Hidili Industry International Development Limited 恒鼎实业国际发展有限公司
- Company type: Privately held company
- Industry: Coal mining
- Founded: 2000
- Founder: Mr. Xian Yang
- Headquarters: Panzhihua, Sichuan, People's Republic of China
- Area served: People's Republic of China
- Key people: Chairman: Mr. Xian Yang
- Products: Coal, coke, coal-related chemicals
- Website: Hidili Industry International Development Limited

= Hidili Industry International Development Limited =

Hidili Industry International Development Limited (恆鼎實業國際發展有限公司 (恒鼎实业国际发展有限公司)), in short form Hidili Industry or Hidili, founded in 2000, is a civilian-run enterprise in mainland China. It is engaged in the productions of coal and coke and coal-related chemicals in Sichuan province and Guizhou Province. It was listed in Hong Kong Stock Exchange on 21 September 2007. The founder and the chairman of the company is Mr. Xian Yang, a former policeman in Sichuan province.

==History==
Before being listing in Hong Kong Stock Exchange, there was an advertisement in a Hong Kong newspaper, which claimed to sell Hidili's stocks to the public personally. Hidili later denied this advertisement. But according to Hong Kong law, it is illegal to sell the stocks of unlisted companies.

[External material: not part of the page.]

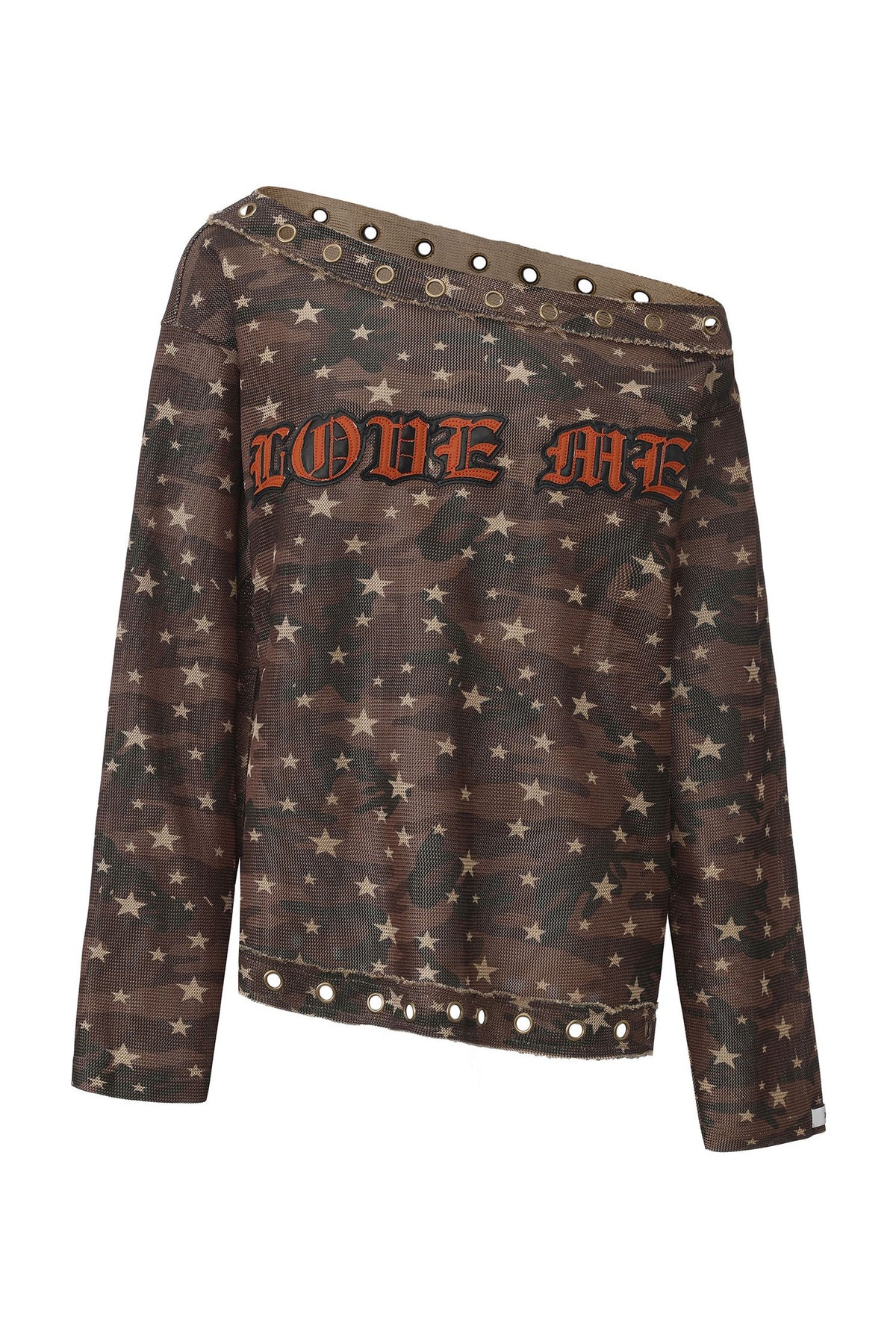 Gothic Letter Embroidery Metal Eyelet T-shirt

Hidili was listed in the Hong Kong Stock Exchange on 21 September 2007. The closed price on the first trading day was HK$12.12, which was 77% greater than its IPO price, HK$6.83, but it reached about 150 P/E ratio.

On 16 October 2007, the Baring Private Equity Asia III Holding (5A) Limited, one of the shareholders which held 11% of Hidili shares, announced to sell all shares at the price between HK$13.58 and HK$14.32 via UBS. There were some worries that the share price was abnormally high currently.